Task inputs ::
Segment Open
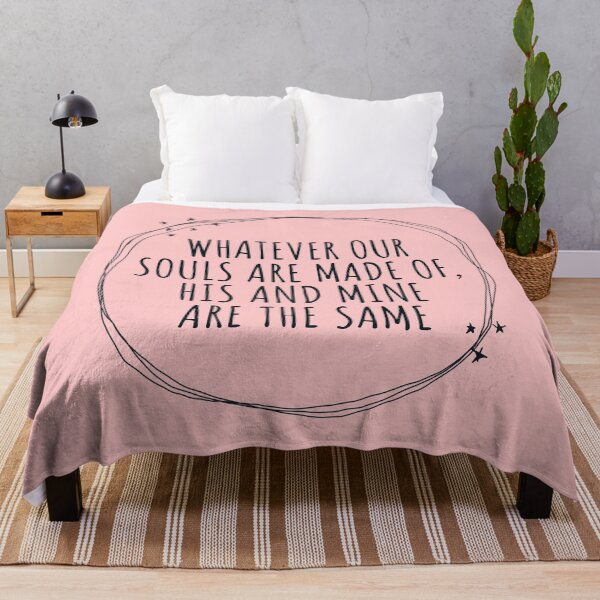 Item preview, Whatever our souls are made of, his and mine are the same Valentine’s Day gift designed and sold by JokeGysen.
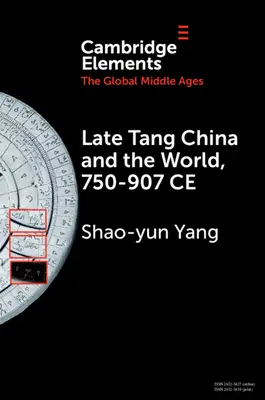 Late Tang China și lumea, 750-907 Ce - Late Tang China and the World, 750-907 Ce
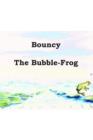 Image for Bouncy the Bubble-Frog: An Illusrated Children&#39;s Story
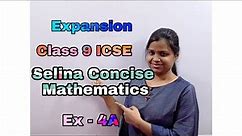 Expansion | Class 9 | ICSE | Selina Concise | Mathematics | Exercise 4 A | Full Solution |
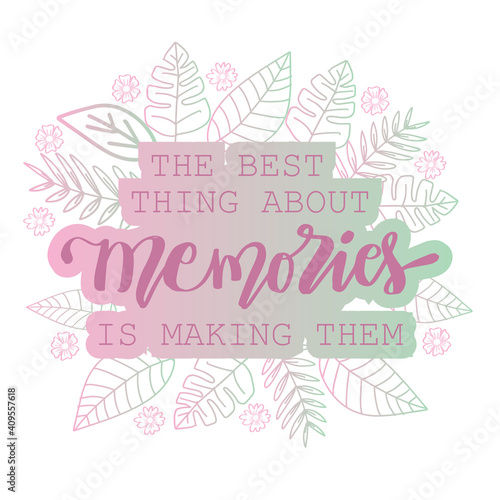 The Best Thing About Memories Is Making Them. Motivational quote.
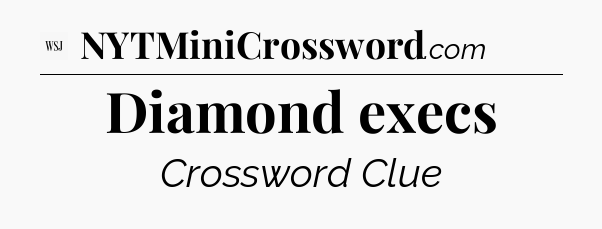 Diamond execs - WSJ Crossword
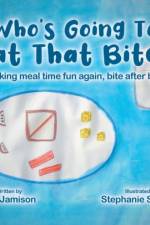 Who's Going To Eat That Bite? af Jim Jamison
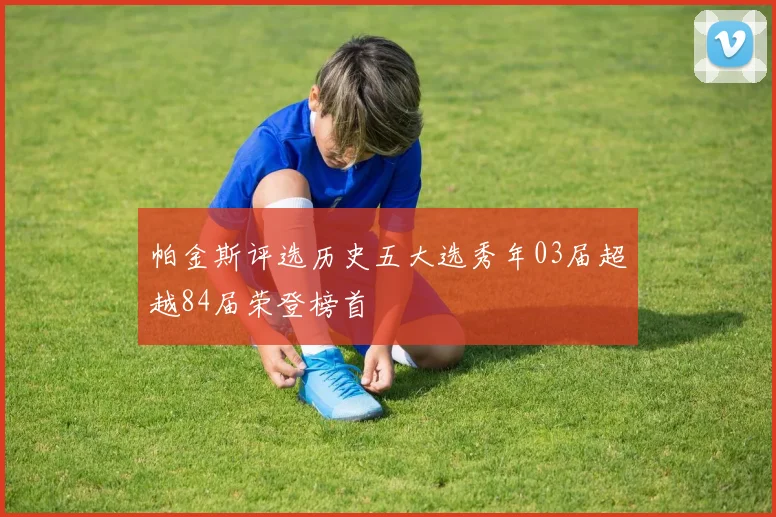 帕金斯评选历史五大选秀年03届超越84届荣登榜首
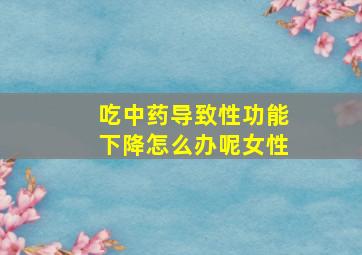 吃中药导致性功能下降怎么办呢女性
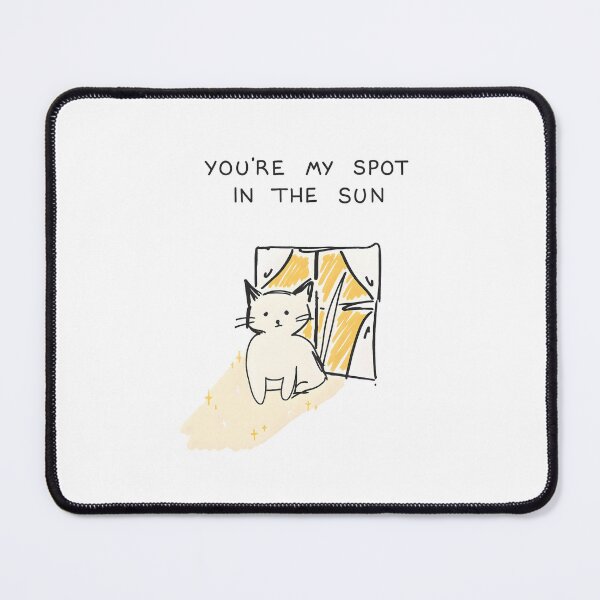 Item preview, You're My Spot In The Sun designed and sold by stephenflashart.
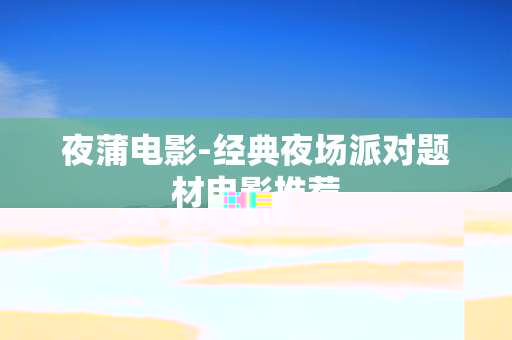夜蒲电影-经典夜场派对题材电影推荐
Segment Closed
Segment Open
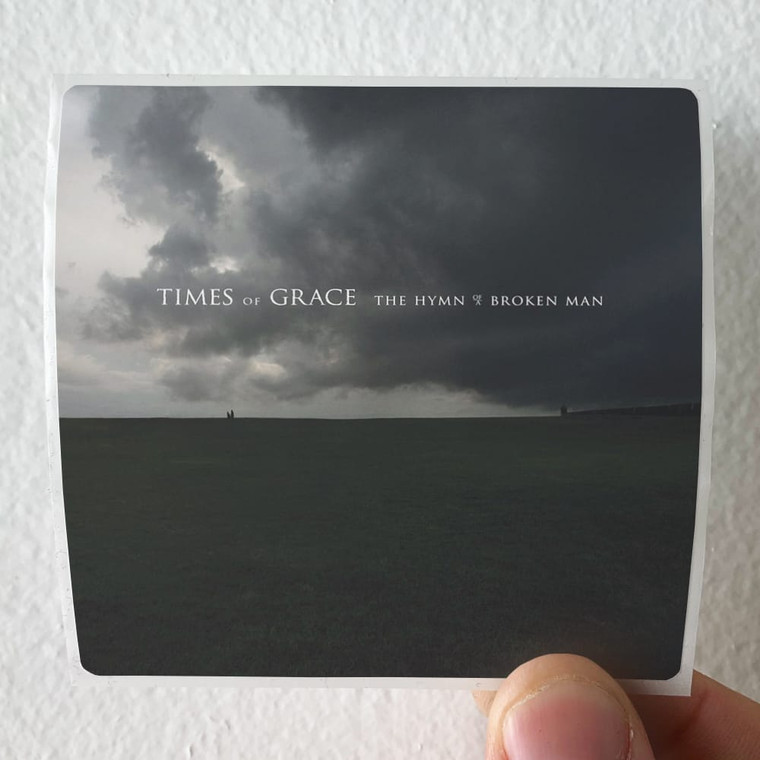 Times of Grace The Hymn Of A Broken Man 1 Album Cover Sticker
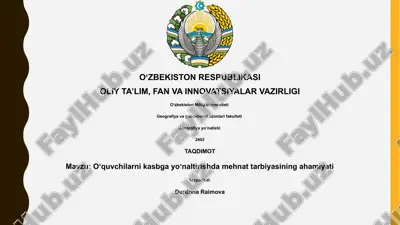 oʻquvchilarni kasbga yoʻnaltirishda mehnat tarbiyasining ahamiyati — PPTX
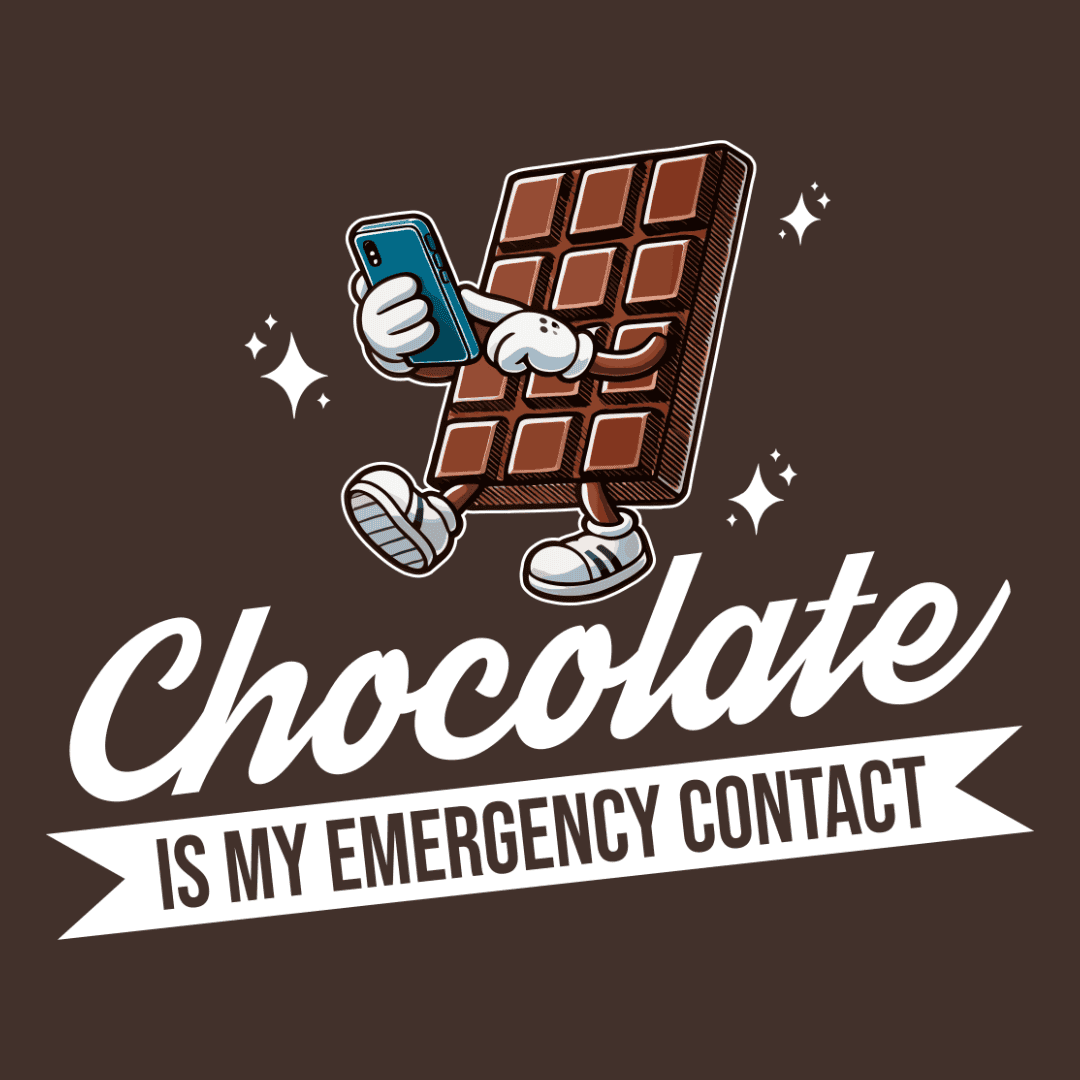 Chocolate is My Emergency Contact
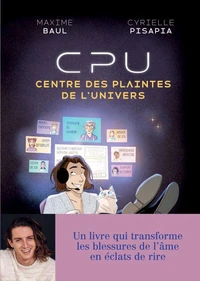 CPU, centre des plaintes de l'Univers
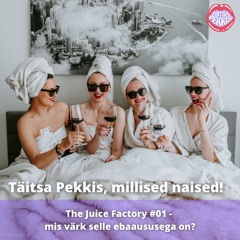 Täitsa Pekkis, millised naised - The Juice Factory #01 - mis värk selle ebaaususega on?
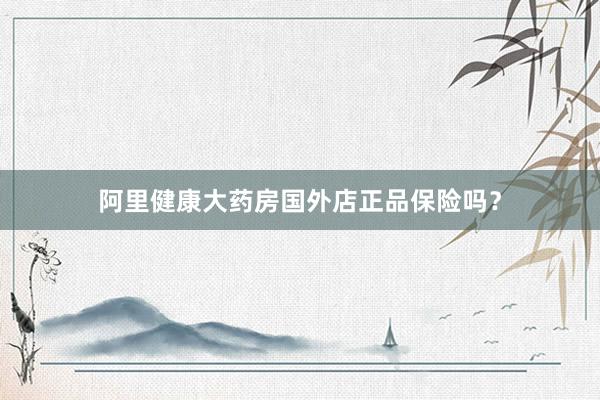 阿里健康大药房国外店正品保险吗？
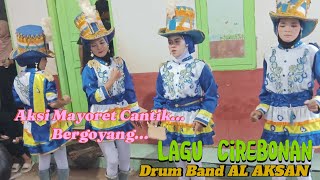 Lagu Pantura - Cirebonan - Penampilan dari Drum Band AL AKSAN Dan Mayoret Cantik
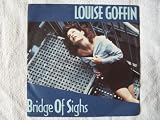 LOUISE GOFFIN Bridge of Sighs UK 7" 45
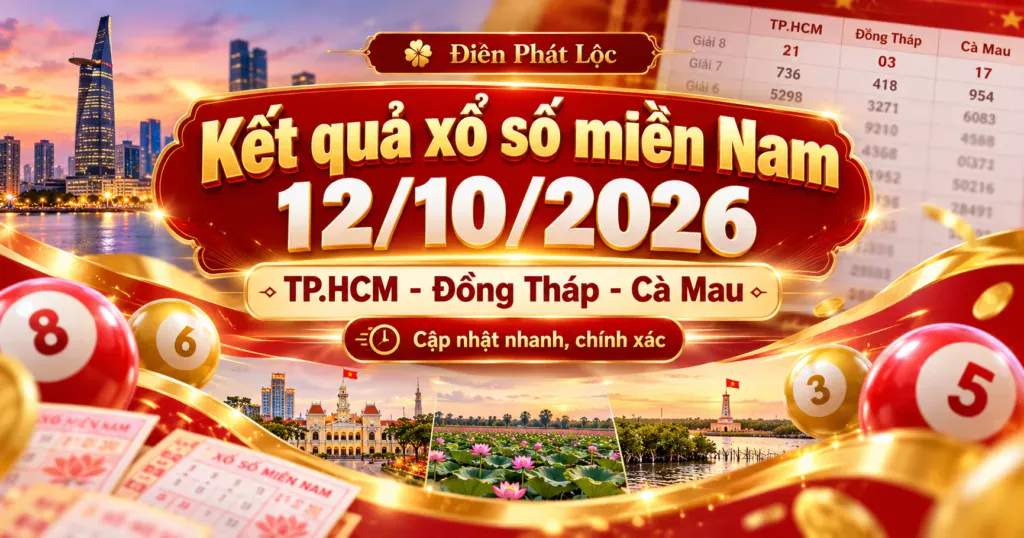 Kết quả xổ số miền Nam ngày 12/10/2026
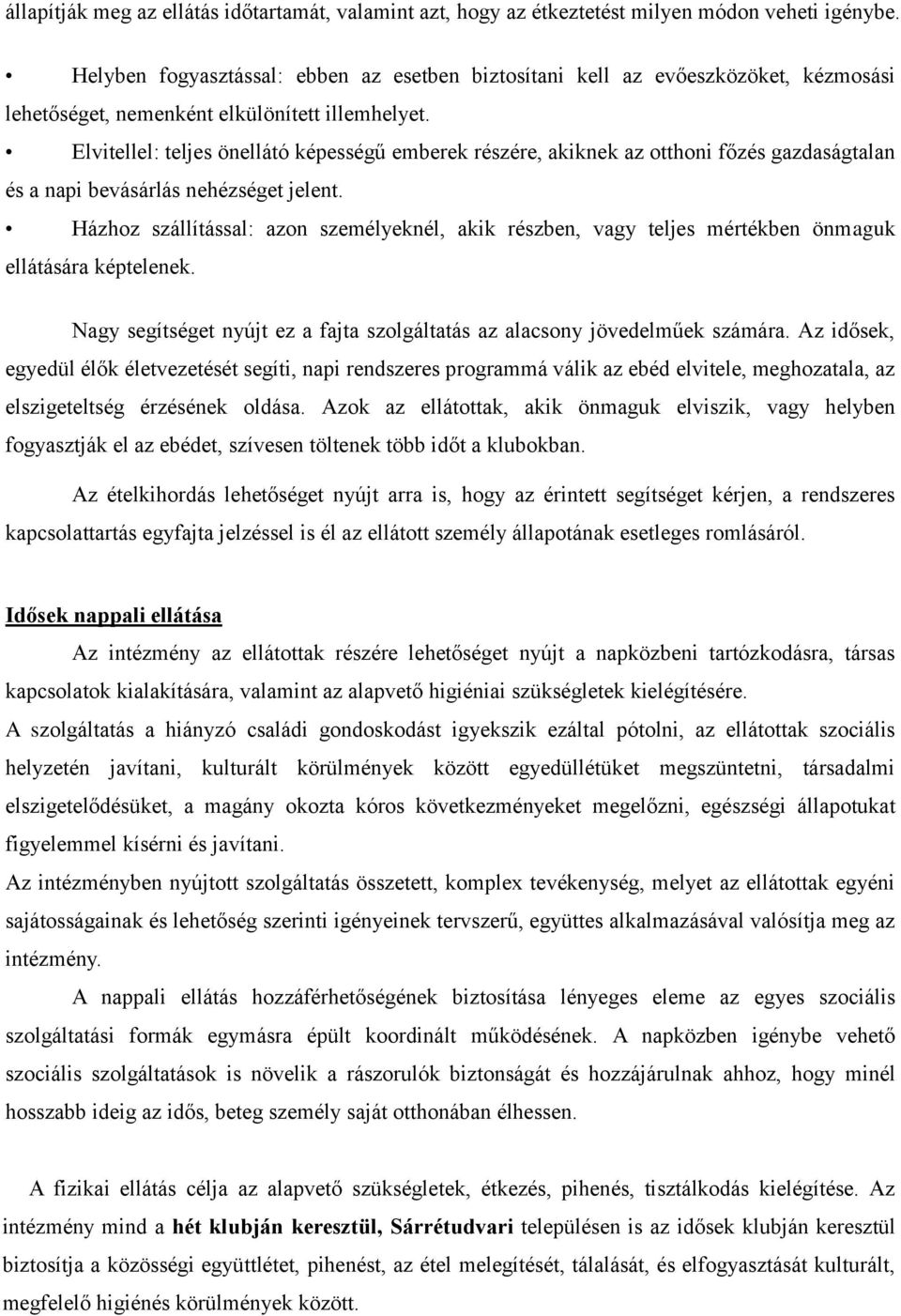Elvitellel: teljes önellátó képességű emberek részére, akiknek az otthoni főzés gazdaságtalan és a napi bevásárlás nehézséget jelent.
Segment Closed
Segment Open
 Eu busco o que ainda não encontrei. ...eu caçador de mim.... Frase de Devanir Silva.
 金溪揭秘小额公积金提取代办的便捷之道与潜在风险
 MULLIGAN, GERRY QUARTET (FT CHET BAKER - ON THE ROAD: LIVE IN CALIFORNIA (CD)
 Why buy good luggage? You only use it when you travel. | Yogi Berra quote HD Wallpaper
Segment Closed
What the exercise asks ::
Give the lines above again exactly, from the one containing "Kết quả xổ số miền Nam ngày 12/10/2026" to the one containing "Elvitellel: teljes önellátó", both included, but leave out the pictures.

Finished task ::
 Kết quả xổ số miền Nam ngày 12/10/2026
Elvitellel: teljes önellátó képességű emberek részére, akiknek az otthoni főzés gazdaságtalan és a napi bevásárlás nehézséget jelent.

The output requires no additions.